• _Supplied information_
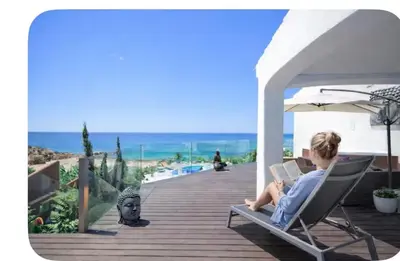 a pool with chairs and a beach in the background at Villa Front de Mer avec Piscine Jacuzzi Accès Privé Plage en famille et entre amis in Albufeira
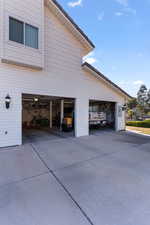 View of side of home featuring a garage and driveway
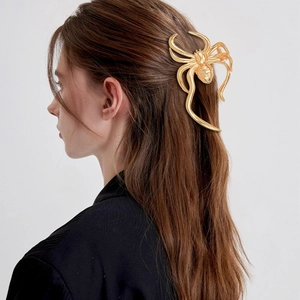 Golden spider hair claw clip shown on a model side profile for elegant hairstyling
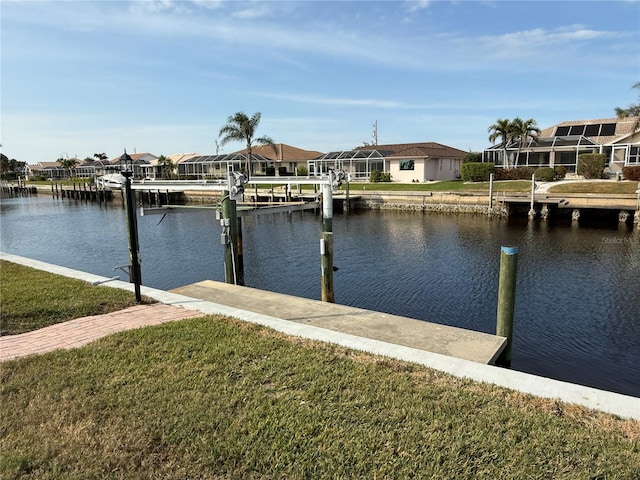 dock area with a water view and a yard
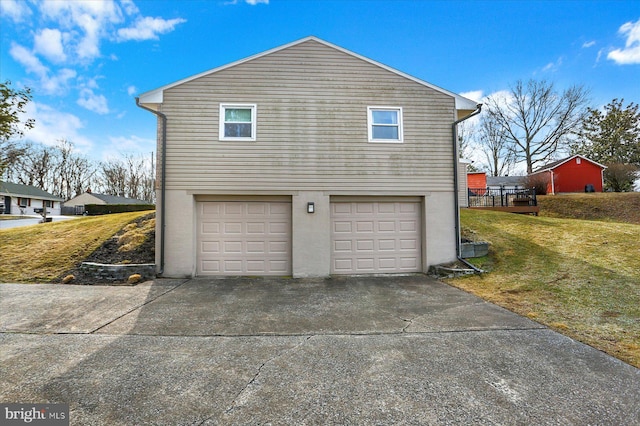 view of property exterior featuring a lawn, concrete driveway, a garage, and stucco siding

--

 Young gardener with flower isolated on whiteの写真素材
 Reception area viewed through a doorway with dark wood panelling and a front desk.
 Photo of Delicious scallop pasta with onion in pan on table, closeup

--

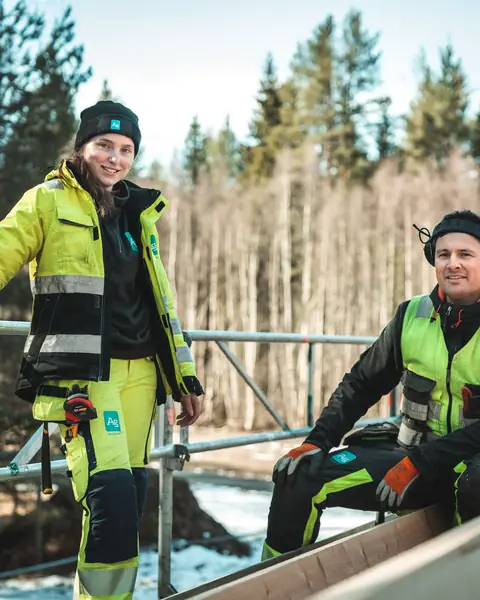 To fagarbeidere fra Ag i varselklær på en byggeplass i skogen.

• _What you will do_
Set down word for word the lines above from the one with "a pool with" up to and including the one with "view of property". Omit every picture.

• _Task answer_
 a pool with chairs and a beach in the background at Villa Front de Mer avec Piscine Jacuzzi Accès Privé Plage en famille et entre amis in Albufeira
 View of side of home featuring a garage and driveway
 Golden spider hair claw clip shown on a model side profile for elegant hairstyling
 dock area with a water view and a yard
 view of property exterior featuring a lawn, concrete driveway, a garage, and stucco siding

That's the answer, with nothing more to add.